OBJECTIVO: EUROPA
"A Europa jaz, posta nos cotovelos:
De Oriente a Ocidente jaz, fitando,
E toldam-lhe românticos cabelos
Olhos gregos, lembrando.
O cotovelo esquerdo é recuado;
O direito é em ângulo disposto.
Aquele diz Itália onde é pousado;
Este diz Inglaterra onde, afastado,
A mão sustenta, em que se apoia o rosto.
Fita, com olhar 'sfíngico e fatal,
O Ocidente, futuro do passado.
O rosto com que fita é Portugal."
Fernando Pessoa, In Mensagem - I - Os Campos - Primeiro - O dos Castelos
Pessoa não poderia adivinhar. À terceira vai ser de vez. Damos nome ao Tratado da União Europeia depois de lhe ter dado uma Estratégia. Portugal no grupo dos pequenos? Pensavam vocês eurocépticos! Não importa que o rosto da Europa já não olhe o Ocidente (mesmo querendo o Brasil, mesmo abraçando África e o Atlântico). Agora, o rosto que fita está mandatado para olhar o umbigo. E que lindo é! Também, olha, por cima do ombro, em direcção a Oriente (o medo obriga). O rosto da Europa carrega o peso do meirinho na transcrição da sentença. O rosto com 800 anos de História reservou-se ao papel de manga de alpaca. Resta-lhe aparecer aprumado, fresco, moderno até. Tecnológico, sobretudo.

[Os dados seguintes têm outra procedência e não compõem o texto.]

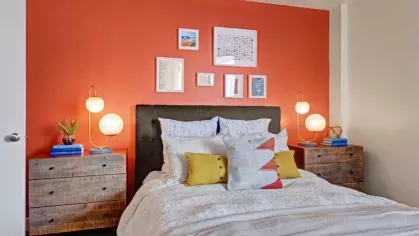 A cozy bedroom with a vibrant orange accent wall and stylish decor.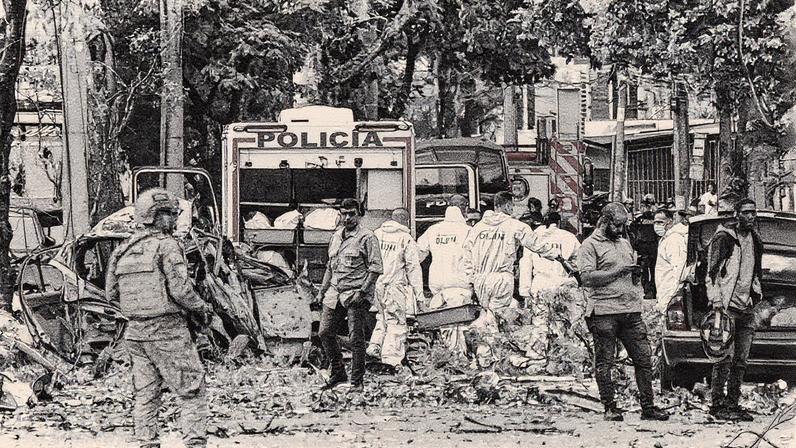 Membros de uma equipe forense removem um corpo próximo aos escombros após a explosão de um veículo de carga perto de uma base da Força Aeroespacial Colombiana, em um dos dois ataques atribuídos a grupos dissidentes das FARC que causaram várias vítimas, segundo autoridades, em Cali, Colômbia, em 21 de agosto de 2025. (Foto: REUTERS/Stringer)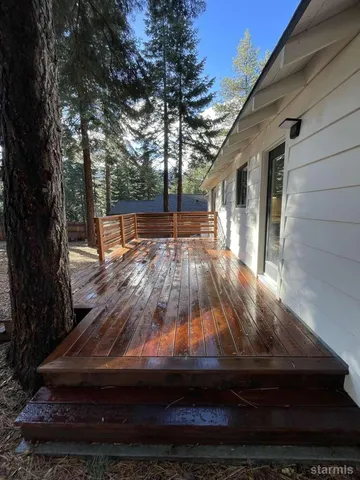 a view of backyard with hardwood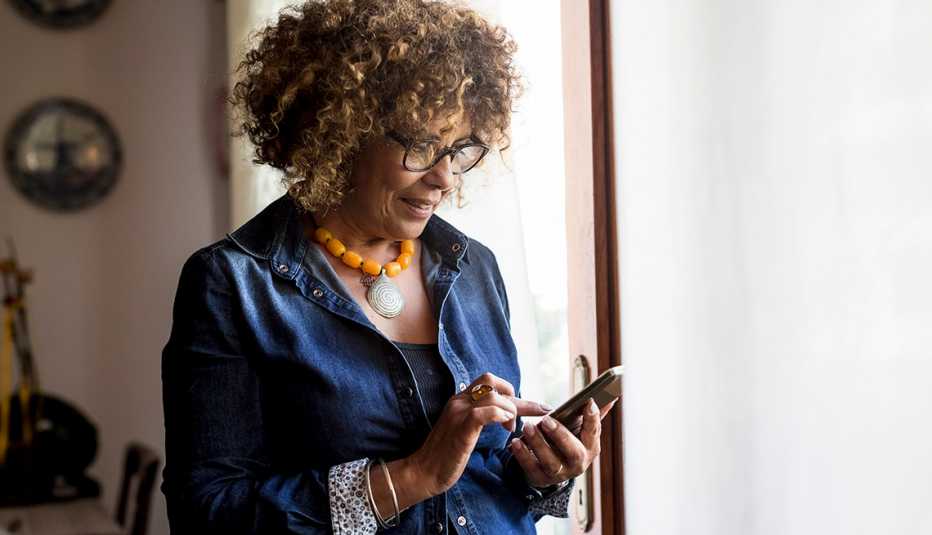 Woman looking at her smartphone near a window Woman looking at her smartphone near a window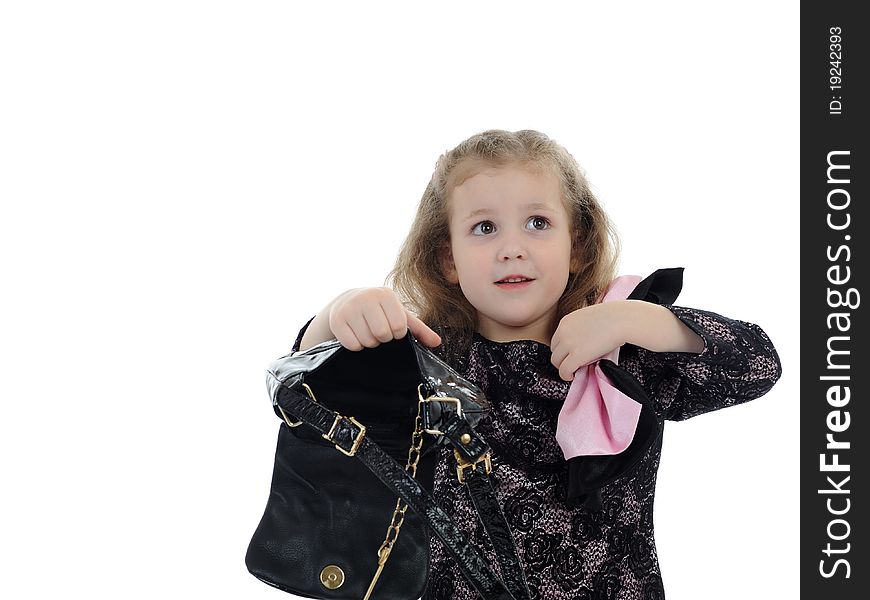 Pretty little child girl in black elegant party dress with empty bag. isolated. Pretty little child girl in black elegant party dress with empty bag. isolated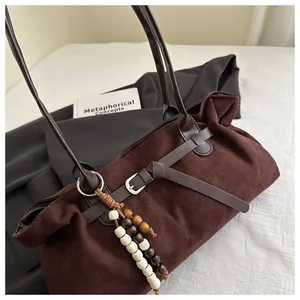 Détail du cabas en daim marron foncé avec bandoulière en cuir et breloque en perles
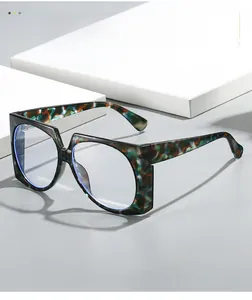 Detail of oversized retro frames with tortoiseshell camo texture on a geometric pedestal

E o Tratado (reformado, reformador, menos mini e mais maxi, mas, hélas, não constitucional) será tratado (redundância propositada) com polé. Não se agitem, sosseguem concidadãos europeístas convictos (ou mesmo os nem por isso), o objectivo fixado de “uma economia do conhecimento mais competitiva e dinâmica do mundo, capaz de um crescimento económico sustentável e de uma melhoria qualitativa e quantitativa nas políticas de emprego e de coesão social” (Lisboa – a outra - a estratégica), fica mais próximo. Falemos de flexisegurança, de concorrência, de dumping social, de combate a políticas neo-liberais. Falemos de eurocracia. Não falemos de soberania, de unanimidades, maiorias qualificadas e maiorias simples. Não falemos de Presidentes, dos altos, ou baixos, comissários ou do opting-out. Não falemos da Turquia. Não falemos do medo (outro e mais profundo) que o cidadão sente e das dúvidas que o assaltam de que a União continue a não estar preparada para os desafios da globalização e seja capaz de prosseguir políticas que obtenham resultados que se façam sentir na vida quotidiana. Falemos das bandeiras e dos hinos que não foram. Não falemos da desconfiança. Não falemos de aprofundar fórmulas de cidadania europeia. Não falemos da participação e do esclarecimento. Ainda não falemos do referendo. Não falemos de política. Não falemos de democracia. Não falemos da Europa. Não falemos, não importa, o Tratado será de…Lisboa! E, isso, pelo menos, garantem-me, já não nos poderão tirar (cruzes, canhoto!).